*Work to be completed*. Output consists of the line that contains "Image du produit" plus every later line of the material below, each one duplicated exactly.

*Data extract*.
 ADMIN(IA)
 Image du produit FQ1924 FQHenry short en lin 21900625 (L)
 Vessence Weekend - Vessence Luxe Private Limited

*Your solution*.
 Image du produit FQ1924 FQHenry short en lin 21900625 (L)
 Vessence Weekend - Vessence Luxe Private Limited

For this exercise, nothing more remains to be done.